The LOC's catalog is, of course, the property of We the People. So in a way it seems natural to tap into our aggregate wisdom to learn more about the pictures that define us. Consider it a massive wikigallery. The photos in Flickr Commons are divided into two groups. The first is a batch of 1,615 gorgeous and surprising color photographs taken between 1939 and 1944. Shot by Farm Security Administration and Office of War Information photographers during the Depression and World War II, the vibrant pictures bring new life to our black-and-white past. The second photoset comes courtesy of the long-defunct Bain News Service and compiles 1,500 journalistic snapshots from 1910 to 1912. As the photographs that comprise the Flickr Commons are all well over 50 years old, there are no known copyright restrictions on any of them—meaning people can post them on their blogs, republish them and generally do what they wish with them.

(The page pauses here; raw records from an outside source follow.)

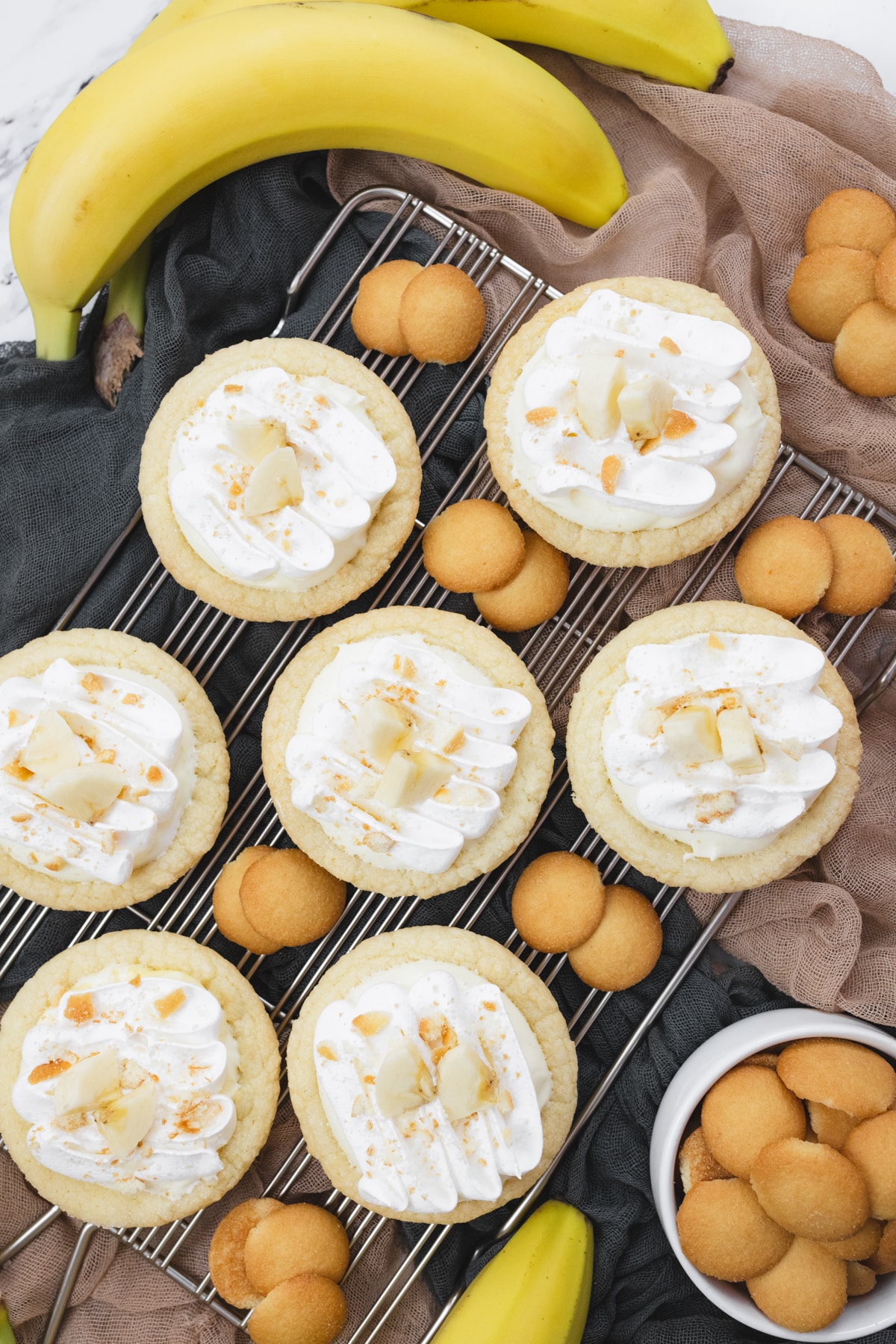 Top view of finished Banana Cream Pie Cookies on a wire rack garnished with banana slices and sprinkled with mini nilla wafer crumbles, surrounded by mini nilla wafers and bananas.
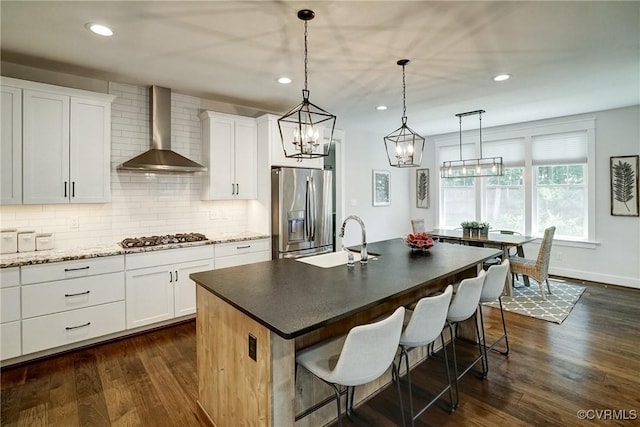 2500 Madison Station Ct, Henrico, VA 23233 - kitchen featuring wall chimney exhaust hood, stainless steel appliances, backsplash, dark wood-style floors, and a breakfast bar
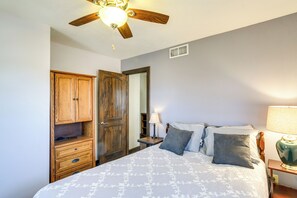 Un dormitorio con cama, armario de madera, mesita de noche, lámpara y ventilador de techo.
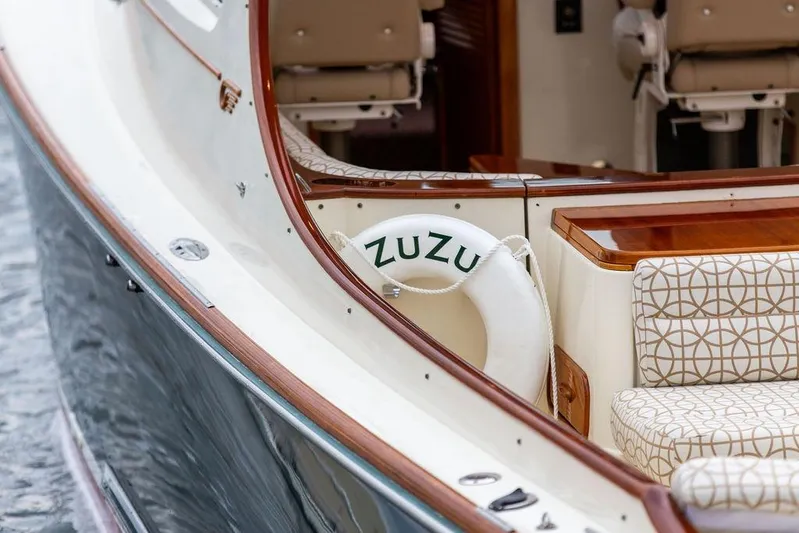 Zuzu Yacht Photos Pics 2004 Hinckley Picnic Boat EP with elegant seating and life preserver.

So far the discourse in comments and tags has been largely respectful—only sometimes does it get tediously snarky—and the LOC is monitoring the Commons for any abuse. And perhaps predictably, the blog buzz has been enthusiastic. Of course, not everyone is thrilled. "It strikes me as a museum without a curator. It's all on display with a million guestbooks," says David Hall, who runs Shorpy.com, a "100-year-old photo blog." Hall, a Washington Post editor who is on leave to develop Shorpy, mines the highest-resolution holdings from the library and other sources. (The Washington Post Co. owns the Washington Post and NEWSWEEK.) He then touches them up digitally (something the LOC does not do) and sells high-quality prints. The resulting site has a much more organized, hand-picked feel than the Commons, with old photographs of more consistently astonishing quality and resolution. The community feel is there, too: commenters have added information about a number of photographs—including the portrait of the site's namesake, a 14-year-old coal mine "greaser." Still, although some might detect a whiff of opportunism about making a profit by printing someone else's photographs, Hall shrugs that "these were paid for by the taxpayers and they're public domain."

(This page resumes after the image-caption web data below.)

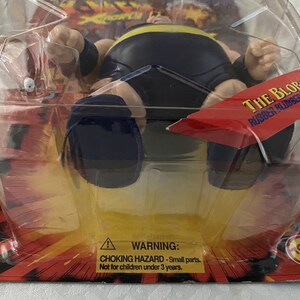 May include: A plastic package containing a black rubber toy figure of The Blob, a character from the movie The Blob. The figure is in a sitting position with its arms outstretched. The package has a red and yellow background with the words "The Blob Rubber Blubber Ball" printed on it. A warning label is visible on the bottom of the package.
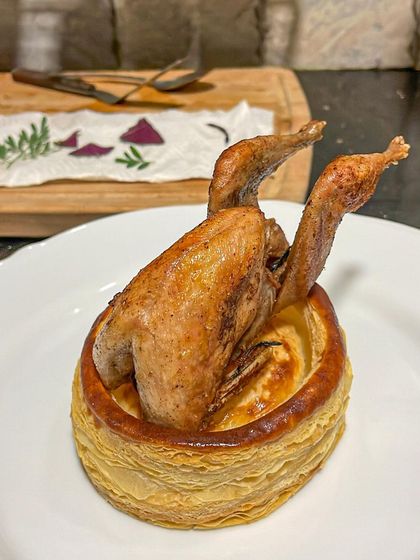 The roasted quail resting in its puff pastry "coffin" before being carved and served. A show-stopping presentation.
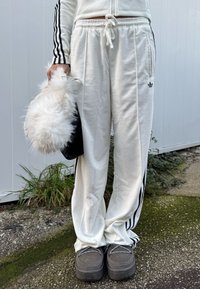 Άτομο που φοράει λευκό παντελόνι φόρμας Adidas και λευκό μπουφάν, κρατώντας μια αφράτη λευκή τσάντα, στέκεται έξω σε σκυρόδεμα.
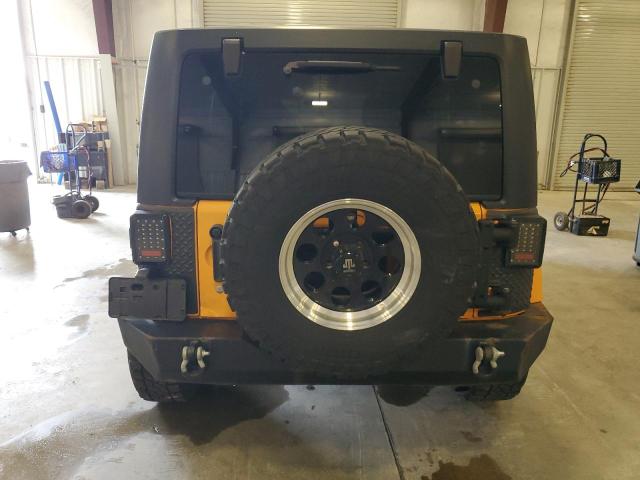 1C4BJWEG3CL223456 - 2012 JEEP WRANGLER U SAHARA ORANGE photo 6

In an interesting twist, on the same day that the Flickr Commons project was announced, three LOC images from 1865 thought to have been pictures of different events were all revealed to have been taken at Abraham Lincoln's second inauguration. A reader browsing through the library's online Civil War collection noticed three glass negatives identified as having possibly been taken during the Ulysses S. Grant administration. The reader thought the pictures were mislabeled. Carol Johnson, the library's curator of photography, compared the three questionable negatives to the two known negatives of Lincoln's second inauguration and confirmed the user's suspicion. And that was just on the LOC's clunky old Web site. Multiply that by 23 million Flickr members and you may just have the answer to our koan.